Shell’s Grahaeme Henderson has once again made an outspoken attack on shipping’s bad safety record and urged greater collaboration among industry players to improve standards and reduce deaths.

Shipping’s fatality record was “appalling” but industry leaders had the power to cut the death toll, Henderson told the Global Maritime Forum in Singapore.

Addressing a crowd of approaching 250 senior executives from around the world, he highlighted that was about the number of people killed by the industry every eight weeks.

“Multiply that by six and you get the number of people killed every year,” said Shell’s vice president, shipping and maritime.

“These are appalling statistics, and we need to change that now.”

His words silenced the room in similar manner to last year at the first Global Maritime Forum in Hong Kong when he took the organisers to task for bad safety standards, having no safety briefing and leaving the conference hall’s fire doors locked. A safety briefing was held this year.

A UK study showed that people working in shipping are 20 times more likely to die at work than the average British worker, and five times more likely to die than those in construction.

“If we turn to suicide, of all of those deaths 6% are confirmed suicide, and if we take cases that are not quite clear it could be as high as 15%.

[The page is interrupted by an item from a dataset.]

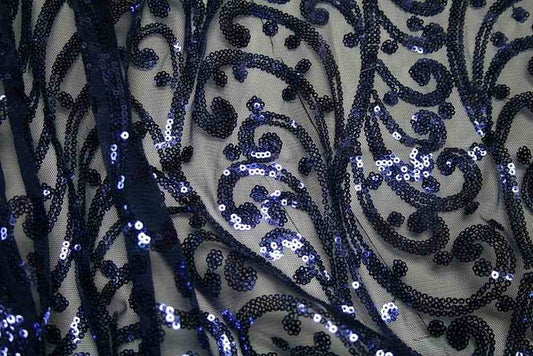ANDORRA Mesh Sequin Fabric, 52 Inch. in Width Navy Fabrics Star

“That is six to 15 times the suicide rate in the UK.”

Henderson said he had been personally touched by the subject when he worked in Nigeria and a colleague had been killed offshore of Port Harcourt in “horrific circumstances”.

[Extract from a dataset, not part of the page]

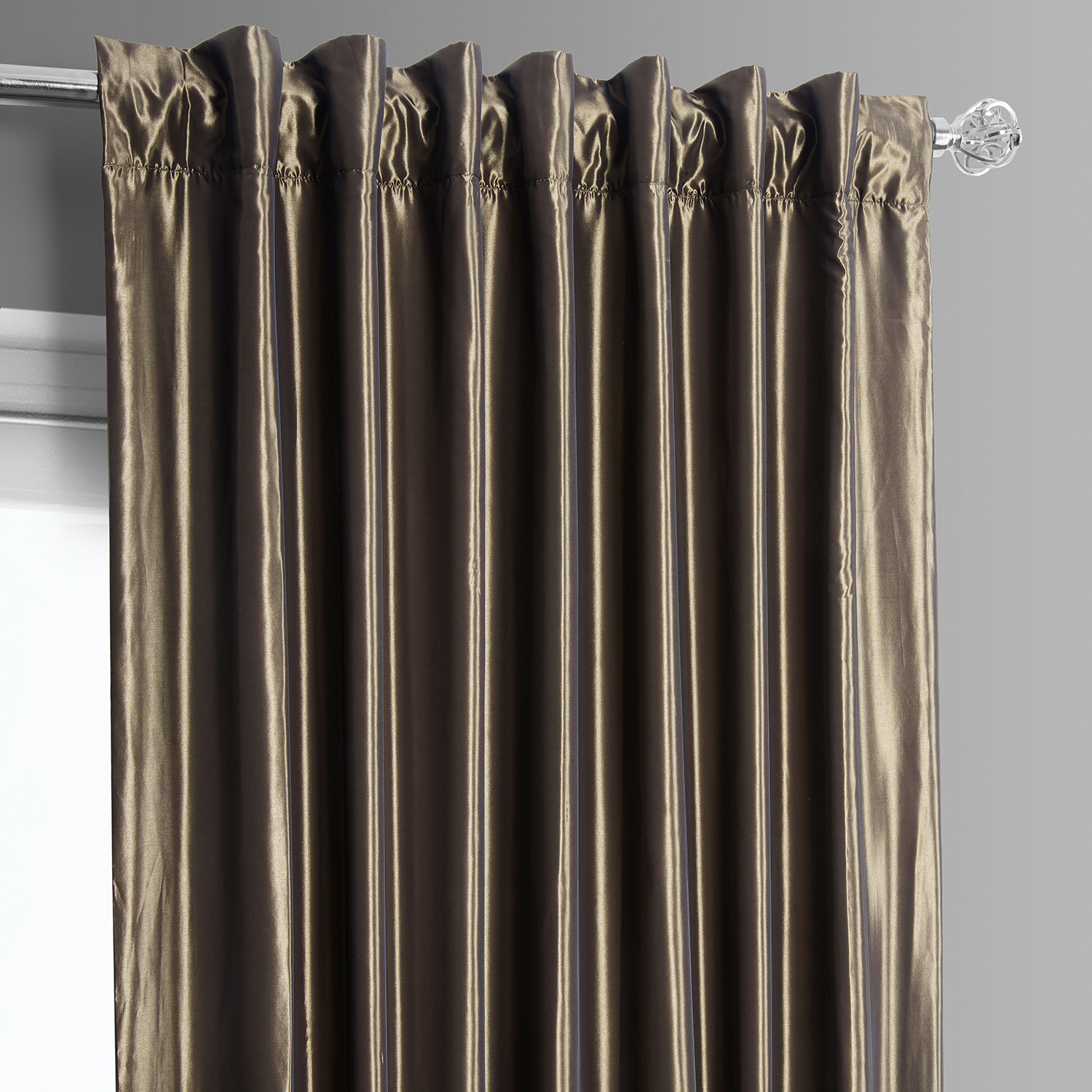 Banded Mushroom Faux Silk Taffeta & Macchiato Beige Plush Velvet Curtain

The memory of seeing the man’s three young daughters at his funeral had stayed with him. “An accident doesn’t last a day, a week, or a year. It lasts a lifetime.”

Leading industry executives must co-operate to find ways to improve safety standards and reduce the death toll.

“We have in this room the leaders of the shipping industry, we have the power to make a difference, let’s be one global team, let’s be together in safety,” Henderson said.

Shell introduced a ‘partners in safety’ programme in 2012 which has reduced the number of serious actual and potential incidents by more than three.

It also runs the HiLo programme to eradicate catastrophic events in conjunction with Maersk Tankers and Lloyd’s Register.